• WORK TO COMPLETE: Print all of the data below exactly as it appears, leaving out every image.
[Start of Attachment]
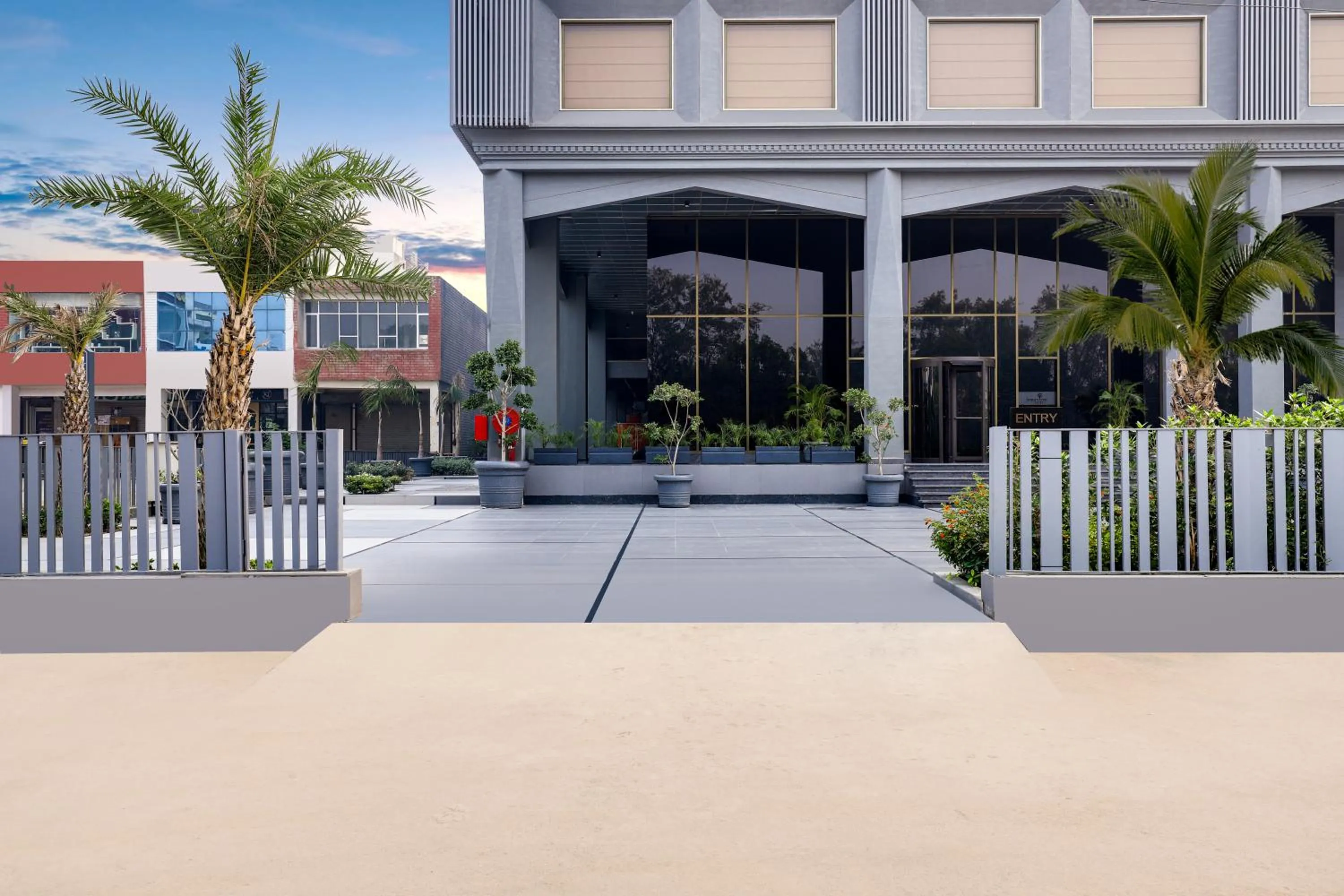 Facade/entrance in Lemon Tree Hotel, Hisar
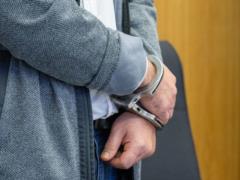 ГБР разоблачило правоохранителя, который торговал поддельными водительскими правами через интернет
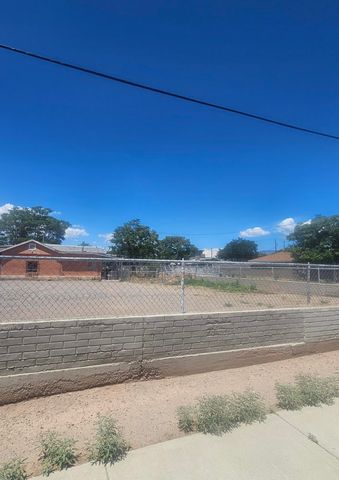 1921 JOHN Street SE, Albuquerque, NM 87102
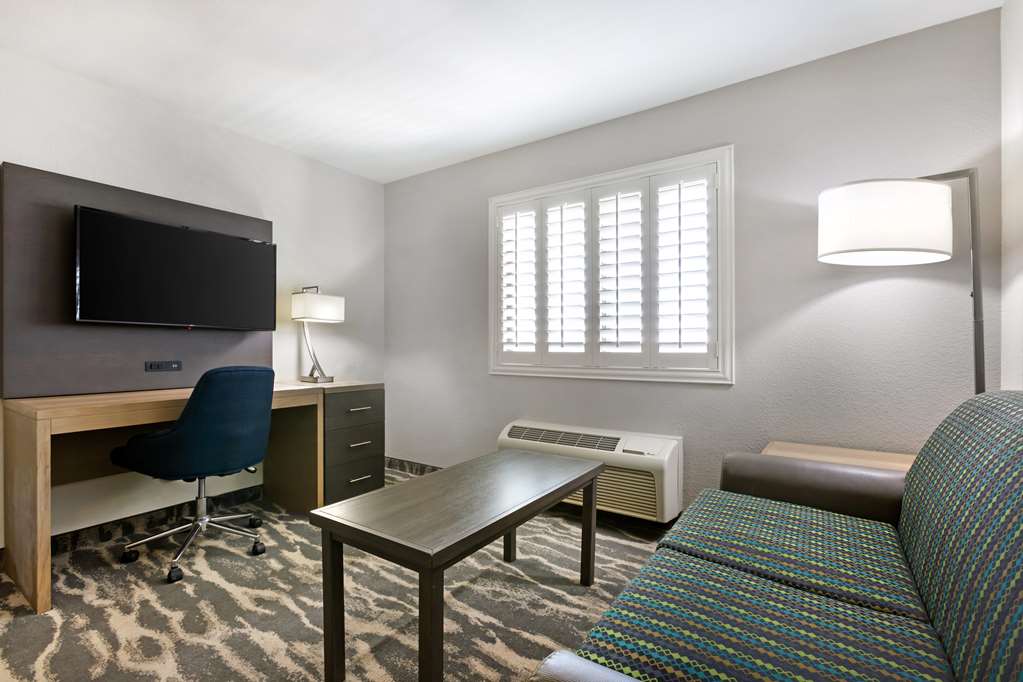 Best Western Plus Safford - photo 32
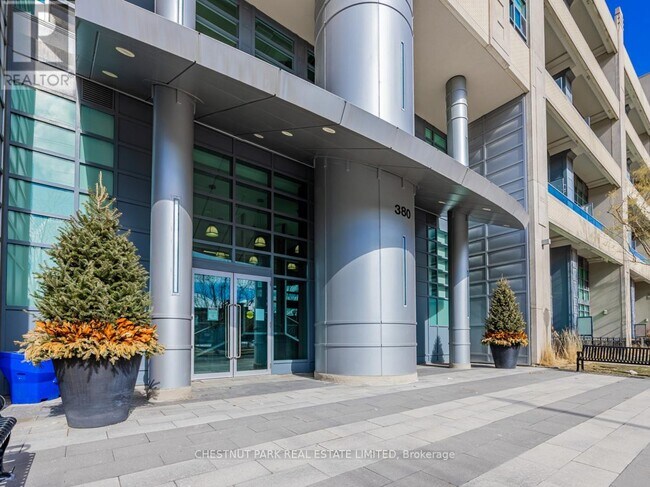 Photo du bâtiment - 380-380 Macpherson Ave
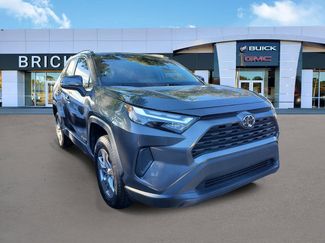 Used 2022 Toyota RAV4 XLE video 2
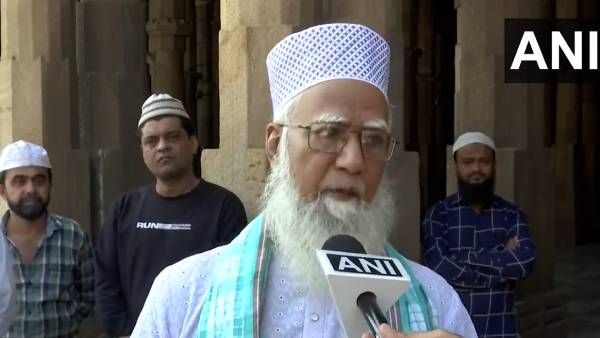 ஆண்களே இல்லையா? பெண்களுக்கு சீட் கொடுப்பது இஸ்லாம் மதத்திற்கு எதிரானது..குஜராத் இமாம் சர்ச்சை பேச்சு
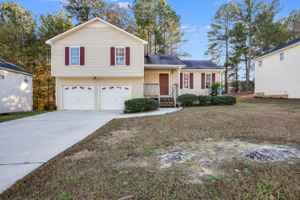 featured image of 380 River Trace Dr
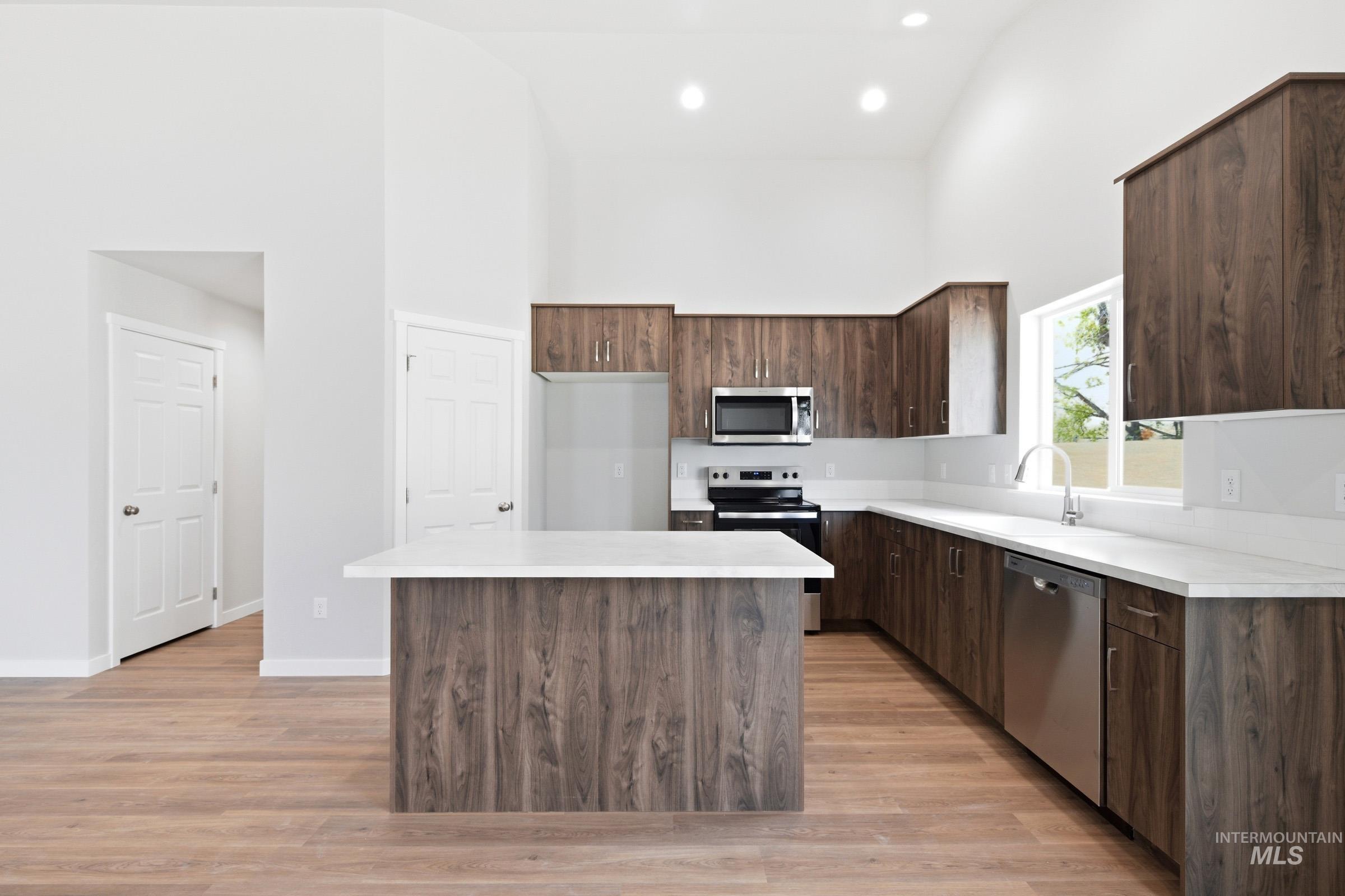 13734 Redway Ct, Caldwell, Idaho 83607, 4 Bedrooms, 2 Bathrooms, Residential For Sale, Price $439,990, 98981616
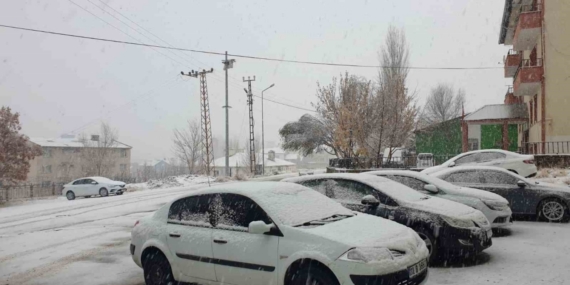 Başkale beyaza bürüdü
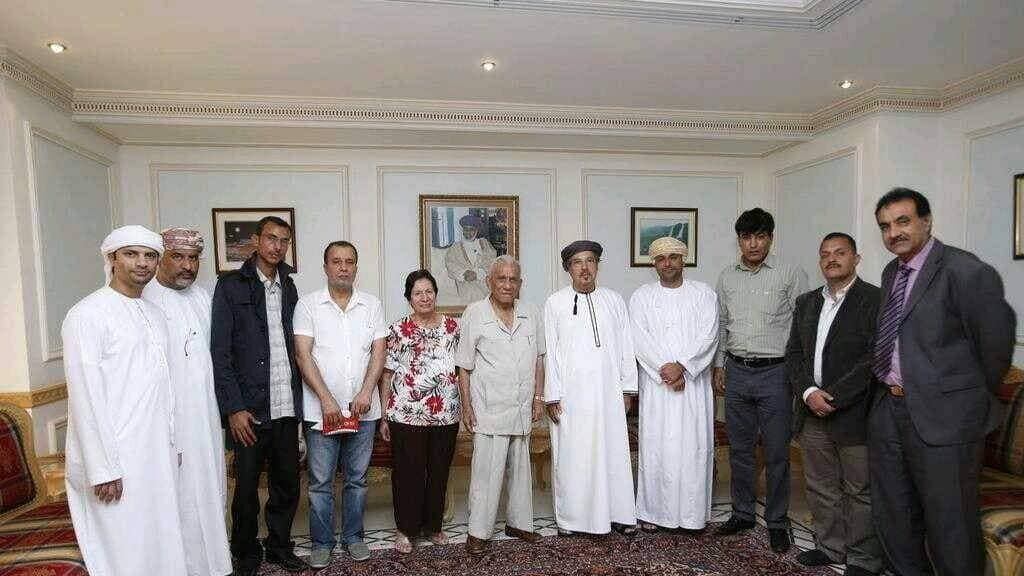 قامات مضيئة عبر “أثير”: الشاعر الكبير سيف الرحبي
[End of Attachment]
• THE ANSWER:
 Facade/entrance in Lemon Tree Hotel, Hisar
 ГБР разоблачило правоохранителя, который торговал поддельными водительскими правами через интернет
 1921 JOHN Street SE, Albuquerque, NM 87102
 Best Western Plus Safford - photo 32
 Photo du bâtiment - 380-380 Macpherson Ave
 Used 2022 Toyota RAV4 XLE video 2
 ஆண்களே இல்லையா? பெண்களுக்கு சீட் கொடுப்பது இஸ்லாம் மதத்திற்கு எதிரானது..குஜராத் இமாம் சர்ச்சை பேச்சு
 featured image of 380 River Trace Dr
 13734 Redway Ct, Caldwell, Idaho 83607, 4 Bedrooms, 2 Bathrooms, Residential For Sale, Price $439,990, 98981616
 Başkale beyaza bürüdü
 قامات مضيئة عبر “أثير”: الشاعر الكبير سيف الرحبي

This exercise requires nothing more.